As `path_notebook` was set to the path of this notebook, `readdir()` without an argument does exactly the same.  

In [None]:
readdir()              # relative path    

As you can see, an absolute path is quite long, annoying to deal with and depends on your machine and operation system.  Therefore, if possible you should always work with relative paths, as they are smaller and easily portable.

If you want to create a folder, you can use the `mkpath()` function which creates folder(s) at the given path. 

In [None]:
mkpath("test_folder1")
mkpath("test_folder2/sub_folder/data")

In [None]:
readdir()

The return value of `readdir()` has changed because you have created the folders `test_folder1` and `test_folder2` inside your notebook folder. To see what's inside `test_folder` you can use its relative path as argument for `readdir()`.

In [None]:
readdir("test_folder1")

`test_folder1` is emtpy. 

In [None]:
readdir("test_folder2/")

In [None]:
readdir("test_folder2/sub_folder/")

`test_folder2` contains the folder `subfolder` which itself contains the folder `data`.

#### Note: The slash or backslash question
If you are using this notebook on Windows, `pwd()` has probably returned paths similar to this one: `"C:\\Users\\hanswurst\\sfw_stuff\\Julia_course\\Part_7_File_Management"` with `\\` instead of `/` . Therefore, you could use double backslashes instead of slashes in your code as well. On Windows this would work perfectly fine, but as soon as you use the same notebook on Linux or Mac, everything would break. Therefore, we strongly advice you to always use slashes `/`  as they work everywhere. 

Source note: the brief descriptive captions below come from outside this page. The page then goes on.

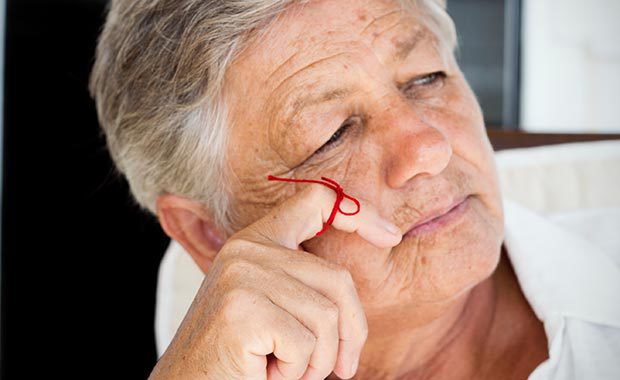 Eine ältere Frau mit einer roten Schleife um den Zeigefinger.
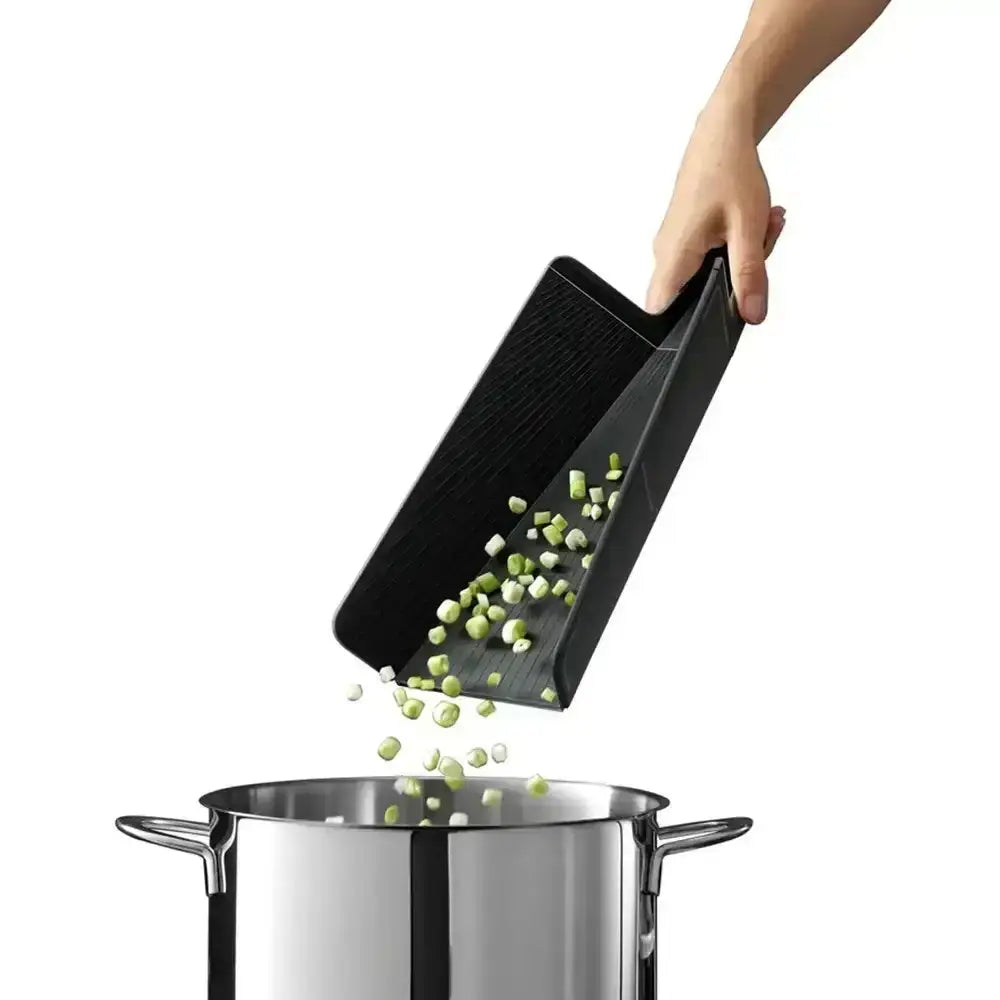 Black slotted spoon transferring green vegetables into a pot on a white background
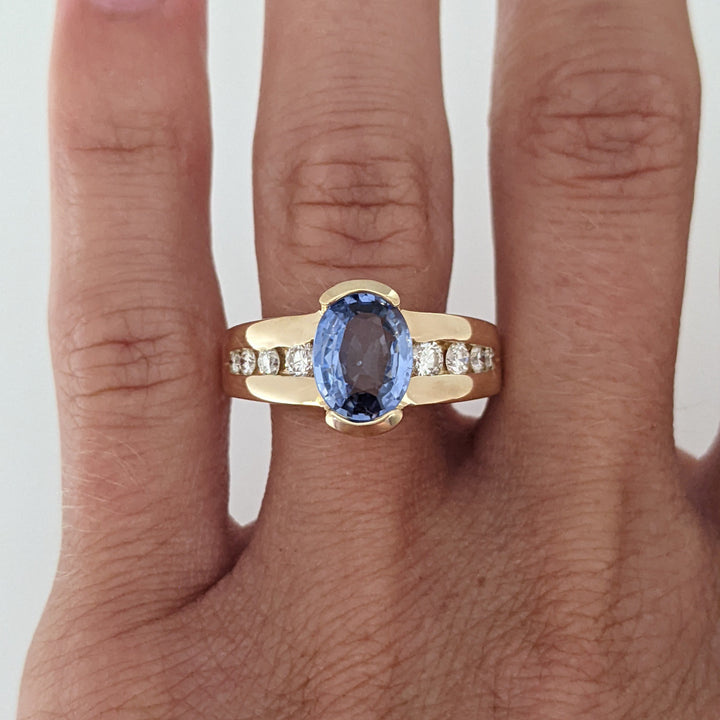 14K SAPPHIRE OVAL 7X9 WITH .59 DIAMOND TOTAL WEIGHT (24) ROUND ESTATE RING 8.1 GRAMS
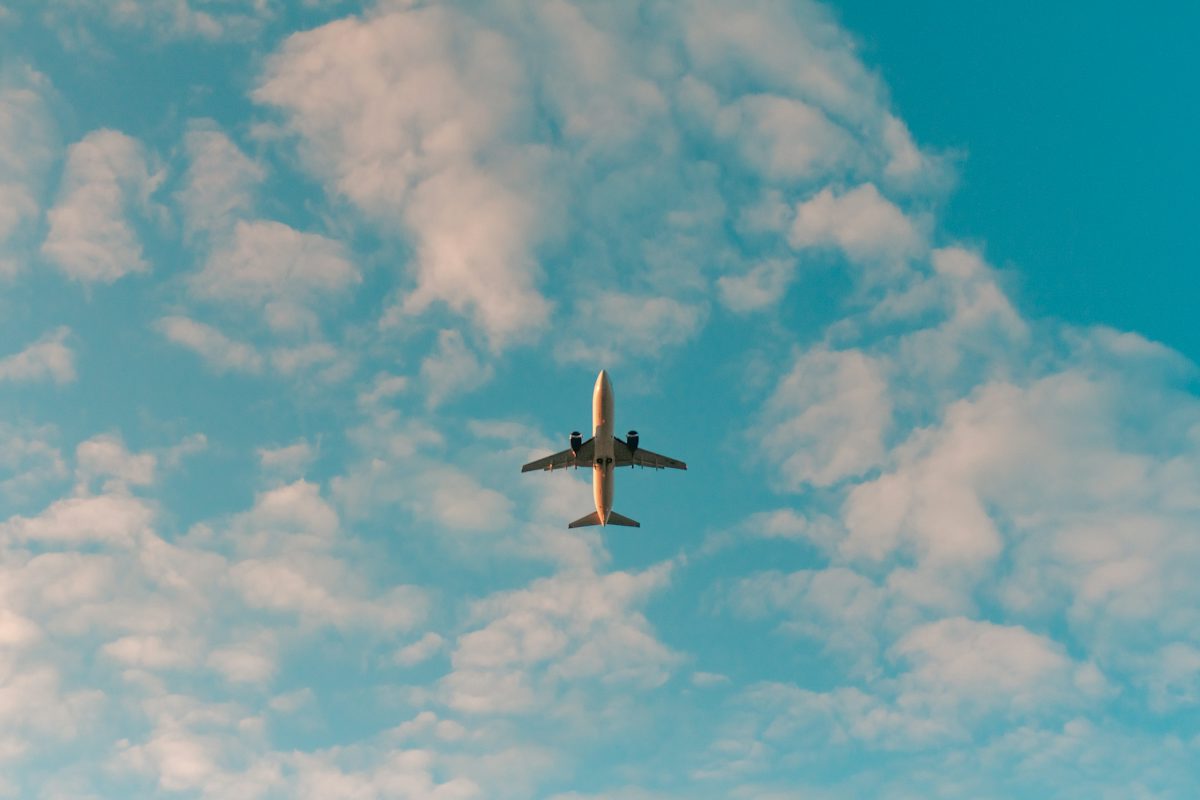 white airplane flying in the sky during daytime — illustrative stock photo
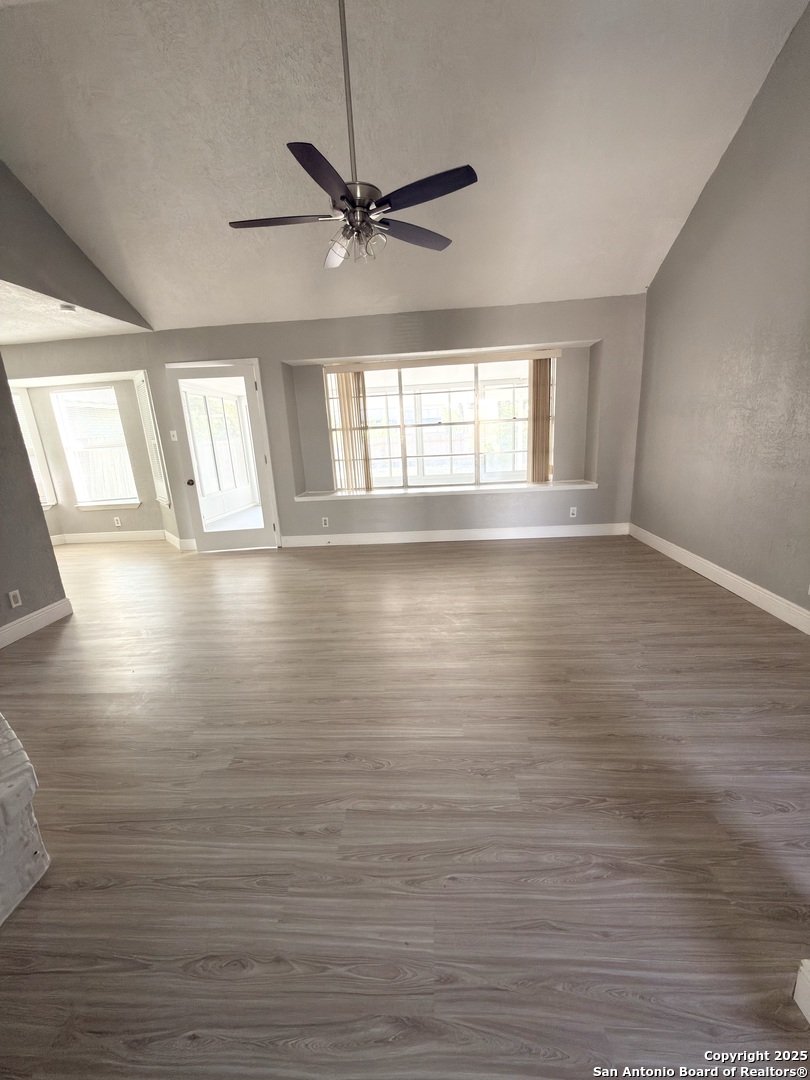 14519 Ridge Meadow Drive San Antonio, TX 78233 - Photo 4 of 25 a view of empty room with wooden floor and fan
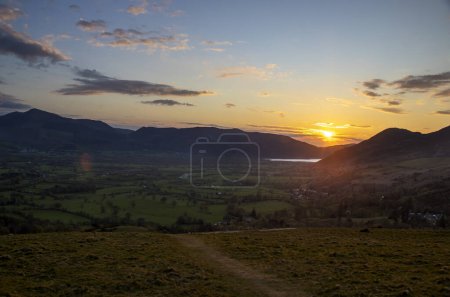 Sunrise behind the hills overlooking Keswick in Cumbria, UK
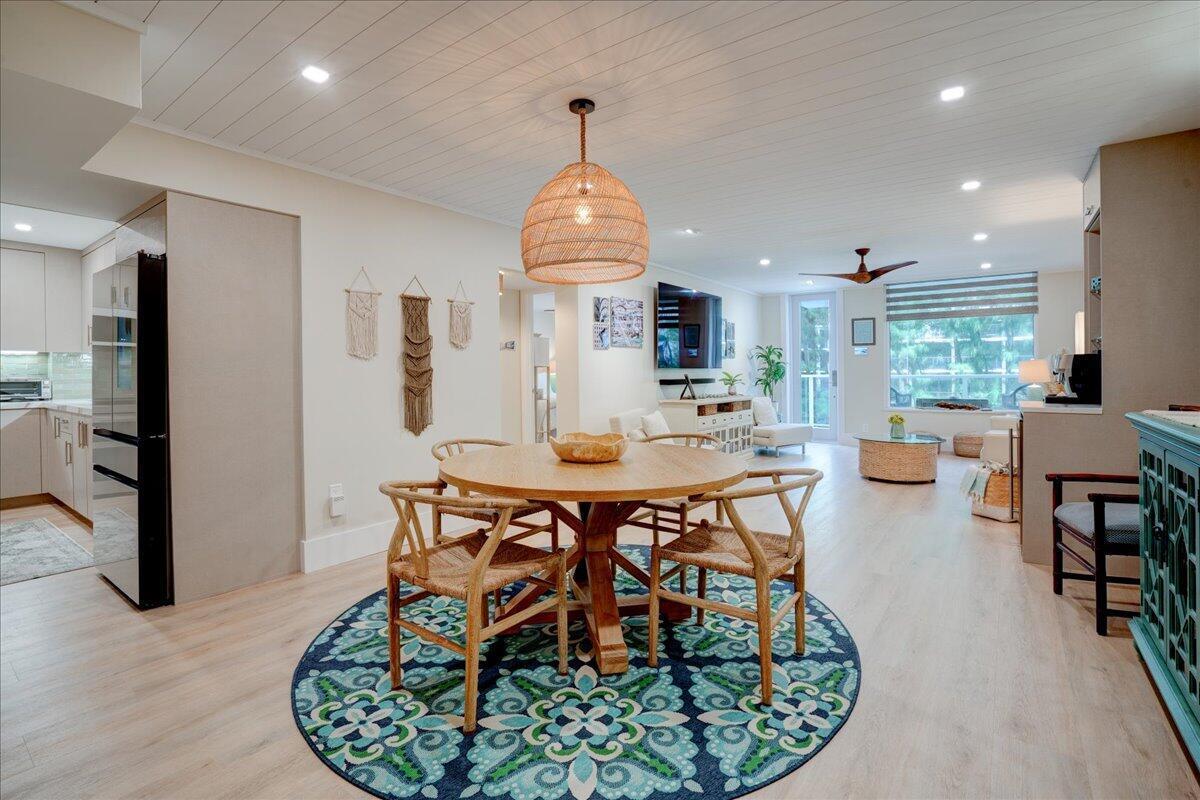 A dining area with a round wooden table and woven chairs sits before a living room — 3450 S Ocean Boulevard # 102, Palm Beach FL 33480, PALM BEACH, FL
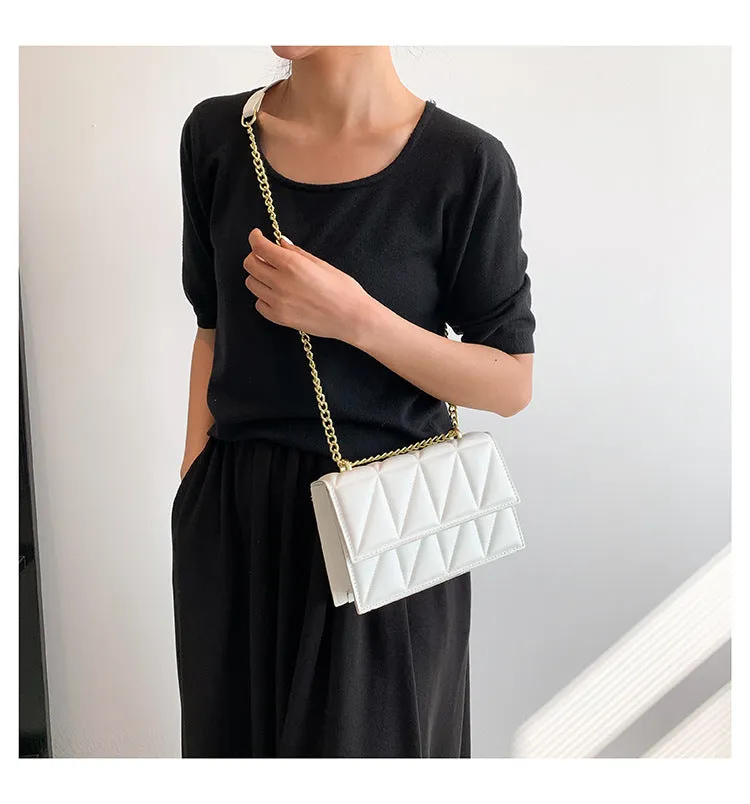 Small square PU chain crossbody bag in horizontal shape with spliced detail, available in five colours.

If you want to delete a file or an empty folder, you can use the `rm()` function. 

In [None]:
rm("test_folder1")

If you want to delete a folder that is not empty you get an error message. 

In [None]:
rm("test_folder2")

To remove a folder together with all files/subfolders inside, you can add the keyword argument `recursive = true`.

Note: You should only use this if you exactly know what you are doing and where you are. Because, if you are in the wrong folder it can happen very easily that you delete half your harddrive in an instant.  



In [None]:
rm("test_folder2",recursive = true)

![title](oh_shit.webp)

In [None]:
readdir()

Note: There are a lot more [functions regarding the filesystem in Julia](https://docs.julialang.org/en/v1/base/file/), which provide a functionality almost as powerful as the Linux command line.

### 2. Import/Export data

When exporting/importing data, there are essentially two questions to ask: 

#### Should the data be human readable  ? 

#### Will the data be used outside of Julia with other languages/programs ? 


###  2.1 Serialization 

If the answer to both questions is `no`, Julia has a very useful package for this purpose in its standard libary called `Serialization`.

In [None]:
using Serialization

This package provides two functions `serialize()` and `deserialize()`. 

`serialize()` expects two arguments. The first argument is the name of the file (its future path) that you want to create, and the second argument is the Julia object you want to save. You can save every possible Julia object this way. It does not matter if it is a `String`, an `array`, a `dictionary` or arbitarily more complicated nested objects like `array of arrays, figures ...`. `serialize()` creates a Julia binary file at the given path. It is convention to use the ending `.jls` for such files.   


In [None]:
matrix1 = rand(100,100)

In [None]:
serialize("matrix1.jls",matrix1)  
readdir()

To import the created `jls` file, you can use `deserialize()`. This function takes only one argument, the path of the file you want to import and returns the restored Julia object. 

In [None]:
matrix1_restored = deserialize("matrix1.jls")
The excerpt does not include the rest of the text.